A novel thermophilic and butanogenic Thermoanaerobacterium thermosaccharolyticum M5 was successfully isolated and characterized, which could produce butanol from hemicellulose via a unique ethanol–butanol (EB) pathway through consolidated bioprocessing (CBP). This represents the first wild-type bacterium which could produce butanol from hemicellulose via CBP under thermophilic conditions. The assembled draft genome of strain M5 is 2.64 Mp, which contains 2638 genes and 2465 protein-coding sequences with 33.90% G + C content.

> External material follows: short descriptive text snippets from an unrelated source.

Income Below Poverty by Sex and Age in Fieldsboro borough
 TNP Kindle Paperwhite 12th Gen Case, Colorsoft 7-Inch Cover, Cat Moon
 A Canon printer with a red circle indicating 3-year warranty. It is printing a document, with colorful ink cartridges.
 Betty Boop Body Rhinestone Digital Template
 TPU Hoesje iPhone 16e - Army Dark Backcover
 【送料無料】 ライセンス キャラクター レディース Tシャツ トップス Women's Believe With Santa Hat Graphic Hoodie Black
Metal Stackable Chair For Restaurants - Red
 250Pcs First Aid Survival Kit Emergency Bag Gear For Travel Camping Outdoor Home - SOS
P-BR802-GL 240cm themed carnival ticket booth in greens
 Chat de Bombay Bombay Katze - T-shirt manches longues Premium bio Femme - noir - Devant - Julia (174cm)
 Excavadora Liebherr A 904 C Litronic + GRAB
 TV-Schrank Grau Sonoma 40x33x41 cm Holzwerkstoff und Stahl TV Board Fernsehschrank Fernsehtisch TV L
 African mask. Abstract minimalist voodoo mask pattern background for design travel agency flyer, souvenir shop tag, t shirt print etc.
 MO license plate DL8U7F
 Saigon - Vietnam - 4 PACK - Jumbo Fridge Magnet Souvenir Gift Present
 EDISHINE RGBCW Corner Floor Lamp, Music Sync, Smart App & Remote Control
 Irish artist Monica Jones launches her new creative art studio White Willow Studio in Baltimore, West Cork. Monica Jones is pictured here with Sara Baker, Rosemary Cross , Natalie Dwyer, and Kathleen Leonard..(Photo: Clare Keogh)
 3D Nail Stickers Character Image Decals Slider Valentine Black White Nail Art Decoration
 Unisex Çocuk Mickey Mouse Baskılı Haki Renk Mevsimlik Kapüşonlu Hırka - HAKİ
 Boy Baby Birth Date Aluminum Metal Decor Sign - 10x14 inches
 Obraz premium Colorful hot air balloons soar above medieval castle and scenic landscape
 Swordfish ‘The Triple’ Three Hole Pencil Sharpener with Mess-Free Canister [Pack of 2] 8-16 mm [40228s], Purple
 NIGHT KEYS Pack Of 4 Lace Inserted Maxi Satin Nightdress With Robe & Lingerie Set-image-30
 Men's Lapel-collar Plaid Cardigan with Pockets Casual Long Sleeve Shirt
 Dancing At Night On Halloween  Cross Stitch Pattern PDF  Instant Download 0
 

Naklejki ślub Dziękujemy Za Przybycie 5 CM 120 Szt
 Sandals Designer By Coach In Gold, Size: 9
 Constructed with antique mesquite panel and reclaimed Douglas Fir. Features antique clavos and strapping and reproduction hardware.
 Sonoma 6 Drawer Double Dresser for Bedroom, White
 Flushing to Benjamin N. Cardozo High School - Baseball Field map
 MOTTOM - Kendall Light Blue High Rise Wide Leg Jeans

Among these annotated proteins, xylanases, xylosidases, and bifunctional alcohol/aldehyde dehydrogenase (AdhE) play key roles in the achievement of EB production from hemicellulose through CBP.

Notes

Acknowledgements

This work was supported by the Jiangsu Province Natural Science Foundation for Youths (No. BK20170993), the National Natural Science Foundation of China (21706125, 21727818, 21706124, 31700092), and the Project of State Key Laboratory of Materials-Oriented Chemical Engineering (KL16-08).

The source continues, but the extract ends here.